Synapse restructuring associated with the maintenance phase of hippocampal long-term potentiation

Synapses in the middle molecular layer of the rat dentate gyrus were analyzed by electron microscopy during the maintenance phase of long-term potentiation (LTP). LTP was induced by high-frequency stimulation of the medial perforant path carried out on each of 4 consecutive days. The dentate gyrus was examined electron microscopically 13 days following the fourth stimulation. At this time point, synaptic responses were still significantly enhanced relative to baseline, although the extent of their potentiation was lower than 1 hour after the last high-frequency stimulation. Stimulated, but not potentiated, rats served as controls. Using the stereological double disector method, estimates of the number of different morphological types of synapses per postsynaptic neuron were obtained. The number of asymmetrical axodendritic synapses increased (by 28%) during LTP maintenance, whereas the number of other synaptic types was not significantly altered. Our previous work demonstrated that the induction of LTP is followed by a selective increase in the number of axospinous perforated synapses with multiple, completely partitioned, transmission zones.

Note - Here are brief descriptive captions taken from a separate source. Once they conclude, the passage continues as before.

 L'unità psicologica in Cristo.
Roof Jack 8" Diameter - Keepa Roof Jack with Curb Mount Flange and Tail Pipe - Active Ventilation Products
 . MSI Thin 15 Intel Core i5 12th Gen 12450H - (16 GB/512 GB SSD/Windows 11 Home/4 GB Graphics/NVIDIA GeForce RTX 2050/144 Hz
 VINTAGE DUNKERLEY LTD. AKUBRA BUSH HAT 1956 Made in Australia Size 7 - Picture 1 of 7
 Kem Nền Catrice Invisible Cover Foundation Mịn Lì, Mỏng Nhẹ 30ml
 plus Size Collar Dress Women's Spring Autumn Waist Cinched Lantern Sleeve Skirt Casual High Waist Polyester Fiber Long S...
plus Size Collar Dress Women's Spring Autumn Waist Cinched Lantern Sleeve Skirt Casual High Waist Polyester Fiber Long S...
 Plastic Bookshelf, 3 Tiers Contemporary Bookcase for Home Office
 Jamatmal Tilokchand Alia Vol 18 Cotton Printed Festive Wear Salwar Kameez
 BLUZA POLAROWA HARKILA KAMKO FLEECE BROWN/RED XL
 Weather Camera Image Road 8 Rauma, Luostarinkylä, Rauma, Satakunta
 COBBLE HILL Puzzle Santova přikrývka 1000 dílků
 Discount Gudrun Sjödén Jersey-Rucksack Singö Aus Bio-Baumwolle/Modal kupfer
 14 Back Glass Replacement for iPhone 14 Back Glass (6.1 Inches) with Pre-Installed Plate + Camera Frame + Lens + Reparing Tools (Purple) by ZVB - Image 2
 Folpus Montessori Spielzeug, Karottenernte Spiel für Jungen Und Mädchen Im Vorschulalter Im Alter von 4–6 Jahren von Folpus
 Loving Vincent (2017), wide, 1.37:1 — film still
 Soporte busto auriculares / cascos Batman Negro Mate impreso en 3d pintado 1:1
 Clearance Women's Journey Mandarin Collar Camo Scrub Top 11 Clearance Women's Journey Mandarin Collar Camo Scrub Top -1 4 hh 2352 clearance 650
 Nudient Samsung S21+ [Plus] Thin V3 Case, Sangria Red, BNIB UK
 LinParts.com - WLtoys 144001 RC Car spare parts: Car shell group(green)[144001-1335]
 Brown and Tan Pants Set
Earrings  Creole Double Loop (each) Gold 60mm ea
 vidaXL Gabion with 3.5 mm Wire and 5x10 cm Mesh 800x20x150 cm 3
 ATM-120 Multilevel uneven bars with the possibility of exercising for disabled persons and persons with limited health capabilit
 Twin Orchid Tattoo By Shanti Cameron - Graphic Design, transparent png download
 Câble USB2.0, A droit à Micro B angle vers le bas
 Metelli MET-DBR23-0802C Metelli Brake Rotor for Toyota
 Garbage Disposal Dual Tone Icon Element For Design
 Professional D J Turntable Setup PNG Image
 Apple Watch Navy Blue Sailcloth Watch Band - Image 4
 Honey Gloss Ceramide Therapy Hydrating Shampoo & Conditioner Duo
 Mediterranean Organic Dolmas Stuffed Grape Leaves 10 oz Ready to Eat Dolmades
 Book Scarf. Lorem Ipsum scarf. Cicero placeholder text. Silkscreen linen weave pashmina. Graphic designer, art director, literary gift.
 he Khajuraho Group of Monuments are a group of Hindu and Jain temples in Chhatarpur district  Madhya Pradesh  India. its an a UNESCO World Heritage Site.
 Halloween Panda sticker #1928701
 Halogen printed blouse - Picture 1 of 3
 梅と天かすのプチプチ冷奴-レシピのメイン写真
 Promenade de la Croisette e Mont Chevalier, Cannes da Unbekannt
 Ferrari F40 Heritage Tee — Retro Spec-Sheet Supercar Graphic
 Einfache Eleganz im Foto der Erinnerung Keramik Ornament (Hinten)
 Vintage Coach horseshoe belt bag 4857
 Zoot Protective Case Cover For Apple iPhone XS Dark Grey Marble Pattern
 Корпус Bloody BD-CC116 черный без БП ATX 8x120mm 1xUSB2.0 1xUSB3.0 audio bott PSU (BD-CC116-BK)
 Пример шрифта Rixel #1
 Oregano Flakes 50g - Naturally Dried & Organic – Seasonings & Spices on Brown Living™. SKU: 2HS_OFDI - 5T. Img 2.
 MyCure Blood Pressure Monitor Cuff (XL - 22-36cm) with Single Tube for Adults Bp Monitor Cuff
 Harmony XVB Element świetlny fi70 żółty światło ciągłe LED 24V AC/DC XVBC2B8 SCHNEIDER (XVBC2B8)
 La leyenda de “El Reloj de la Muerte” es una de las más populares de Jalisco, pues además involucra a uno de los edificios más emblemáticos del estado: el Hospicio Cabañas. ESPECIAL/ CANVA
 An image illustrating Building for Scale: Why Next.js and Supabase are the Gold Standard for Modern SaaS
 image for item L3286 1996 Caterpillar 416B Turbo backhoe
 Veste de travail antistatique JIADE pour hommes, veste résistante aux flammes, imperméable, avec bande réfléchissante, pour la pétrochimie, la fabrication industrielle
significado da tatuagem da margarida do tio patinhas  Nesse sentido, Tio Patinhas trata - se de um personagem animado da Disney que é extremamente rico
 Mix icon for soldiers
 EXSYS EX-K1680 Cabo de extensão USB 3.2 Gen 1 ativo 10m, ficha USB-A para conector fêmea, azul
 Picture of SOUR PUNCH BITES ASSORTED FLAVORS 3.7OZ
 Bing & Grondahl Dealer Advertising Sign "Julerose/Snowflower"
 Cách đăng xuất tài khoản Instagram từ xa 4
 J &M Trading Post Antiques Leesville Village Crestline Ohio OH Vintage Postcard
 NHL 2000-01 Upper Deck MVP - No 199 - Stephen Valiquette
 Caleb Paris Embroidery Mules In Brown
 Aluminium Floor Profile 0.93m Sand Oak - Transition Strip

Thus, the induction and maintenance phases of LTP are characterized by different structural synaptic alterations. These alterations may be related to each other as indicated by another finding of the present study regarding the existence of perforated synapses that appear to be transitional between axospinous and axodendritic junctions. This suggests a model of structural synaptic plasticity associated with LTP in which some axospinous perforated synapses increase in numbers shortly after the induction of LTP and are then converted into axodendritic ones during LTP maintenance.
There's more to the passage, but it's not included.